Cette saison compte de nombreux retournements de situation. Le premier intervient à Jerez lors du Grand Prix d’Espagne. Quatre tours avant la fin de la course, Jorge Lorenzo tombe dans le deuxième virage, l’un des plus lents de la saison. Quatrième à cet instant, il sait qu’il lâche de gros points. Rossi, après une énorme bataille avec Pedrosa, remporte la course. 1-1, balle au centre. En France, situation inverse. Sous la pluie mancelle, Lorenzo offre une démonstration de pilotage à toute la grille quand Vale’ vit un week-end cauchemardesque. Un mauvais arrêt au stand, une chute, suivi d’un ride-through et la 16e place. 2-1 Lorenzo.
Si Stoner et Pedrosa peuvent jouer des victoires, la bataille pour le titre n’oppose que les deux officiels Yamaha, c’est une certitude. Le « momentum » ne fait que changer, mais « Por Fuera » a l’avantage avant d’arriver au Mugello. Rossi n’y a pas perdu une course depuis 2002. Rappel : nous sommes en 2009. Le n°99 est à son aise sur les courbes toscanes, et parvient à surclasser Rossi. Pas pour la première place ! Stoner s’impose d’une courte tête devant les deux hommes.
C’est ici que le mental fait la différence. Ne pas avoir l’avantage est une chose, revenir en frappant un grand coup en est une autre. Ce dépassement dans le dernier virage du dernier tour à Barcelone, une course plus tard, change tout. Inutile de revenir sur cet épisode largement couvert par les médias d’époque et disponible en vidéo. Le Grand Prix de Catalogne scella le championnat. Plus jamais Lorenzo n’arriva à inquiéter Rossi sur au moins deux courses consécutives, bien qu’il remporta le GP d’Indianapolis et la manche portugaise sur son circuit de prédilection. « The Doctor » était moins rapide qu’en 2002 ou 2003, mais absolument injouable. Il géra la deuxième partie de saison assez tranquillement, en frappant fort et ne se faisant jamais peur.

S’il avait arrêté sa carrière prématurément, fin 2009, il serait, encore aujourd’hui, considéré unanimement comme le plus grand pilote de tous les temps. Parfois, il ne fait pas bon vieillir.
Un championnat est un marathon. Stoner, en proie à de nombreux problèmes, dut s’absenter à quatre reprises, tandis que Lorenzo ne scora aucun point à deux reprises coup sur coup. Un Rossi moins dominateur qu’auparavant, mais tout aussi efficace grâce à son intelligence de course.

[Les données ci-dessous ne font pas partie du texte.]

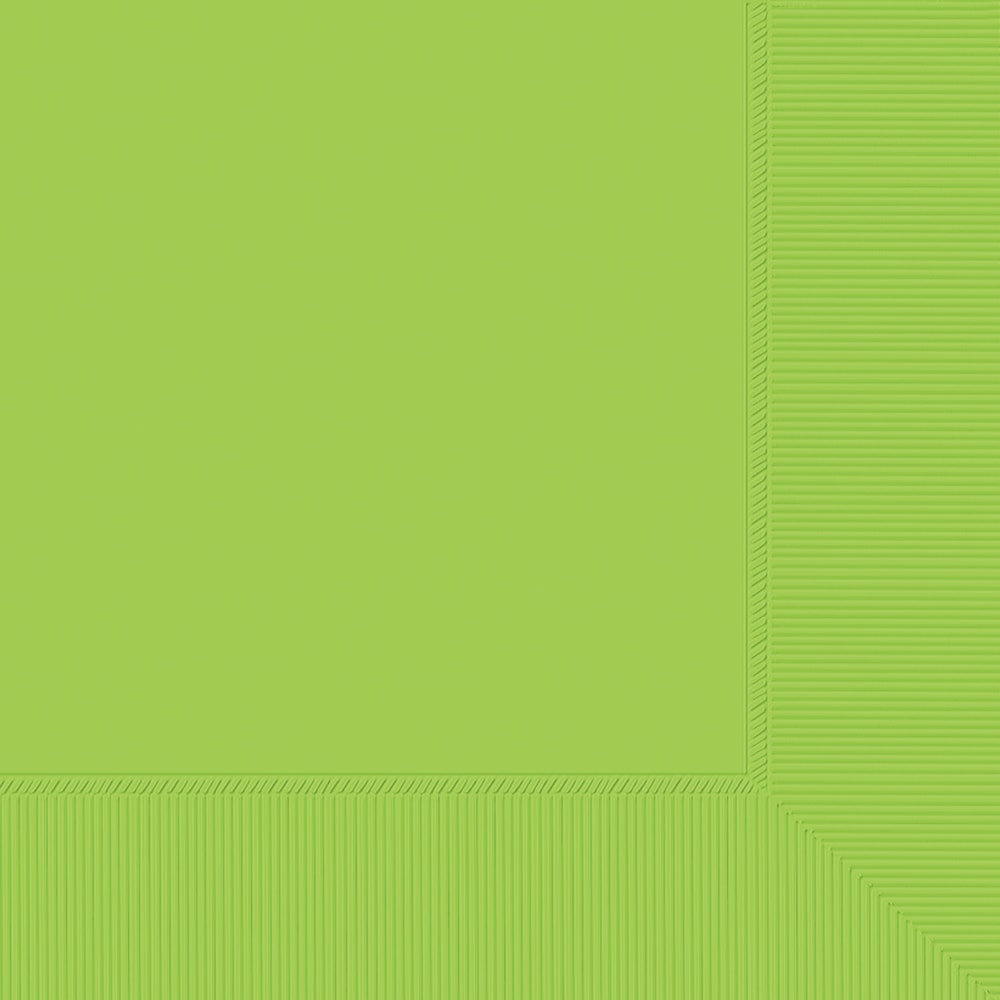 Amscan Beverage Napkins, 5in x 5in, Kiwi Green, 100 Napkins Per Pack, Case Of 6 Packs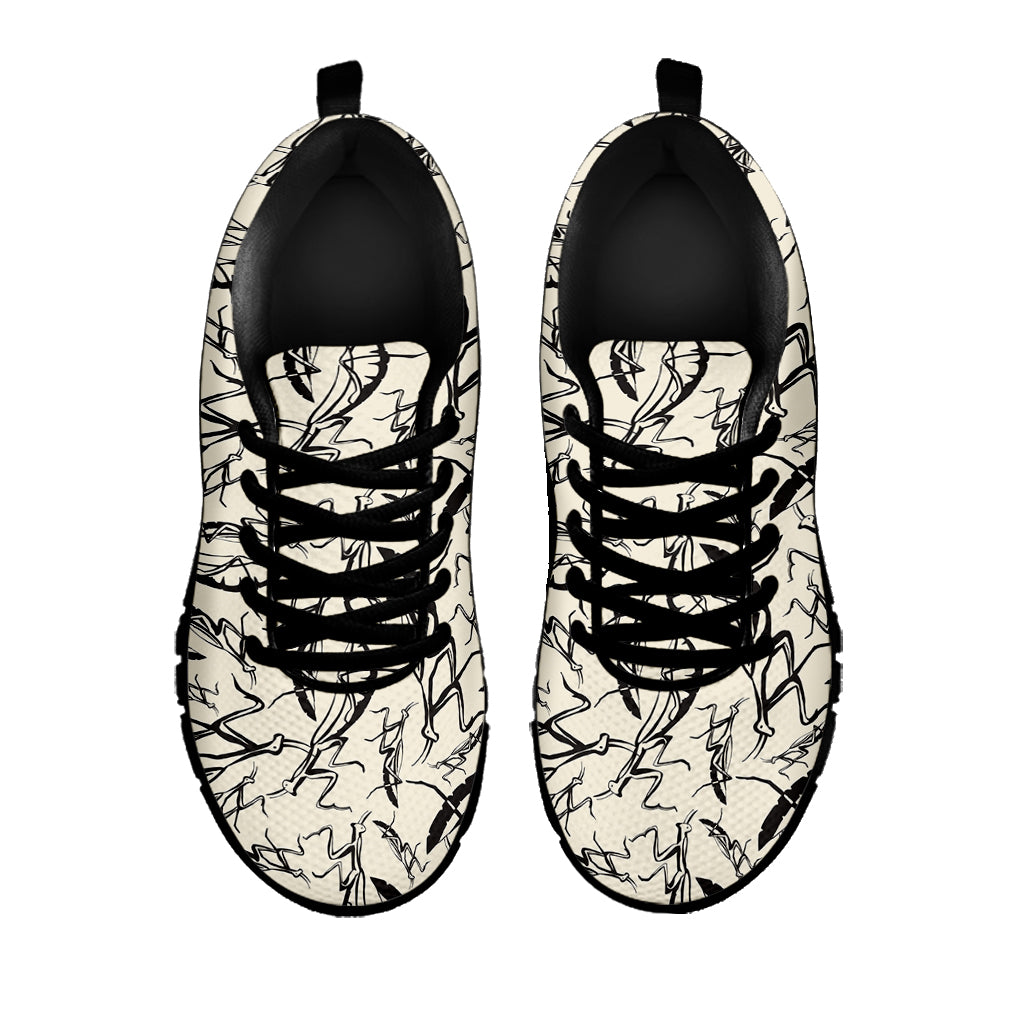 Hand Drawn Mantis Pattern Print Black Sneakers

Finalement, il n’y eut pas tant de suspense. Vous savez, c’est ce type de saison dont Marc Márquez est friand – bon, l’exercice 2025 a fait exception à la règle : toutes les courses sont plus ou moins disputées, mais au final, il y a 45 points d’écart entre le champion et son dauphin. Lorenzo termine deuxième après une année remarquable, il faut le souligner. Dani Pedrosa profite de la période d’absence de Stoner pour passer devant l’Australien en troisième place. Il faut tout de même mentionner l’émergence d’Andrea Dovizioso, officiel Honda, qui s’imposa en Grande-Bretagne à la suite d’une course dantesque.
Cette année, Rossi entra dans la légende. 100 victoires en carrière, une démonstration au TT avec Agostini pour le « tour des dieux », et un neuvième titre. C’est bien en 2009 que Valentino changea de monde, et passa du côté des mythes alors que de beaux – et moins beaux – jours l’attendaient. Jamais sa popularité ne fut si élevée, jamais son aura ne fut si puissante.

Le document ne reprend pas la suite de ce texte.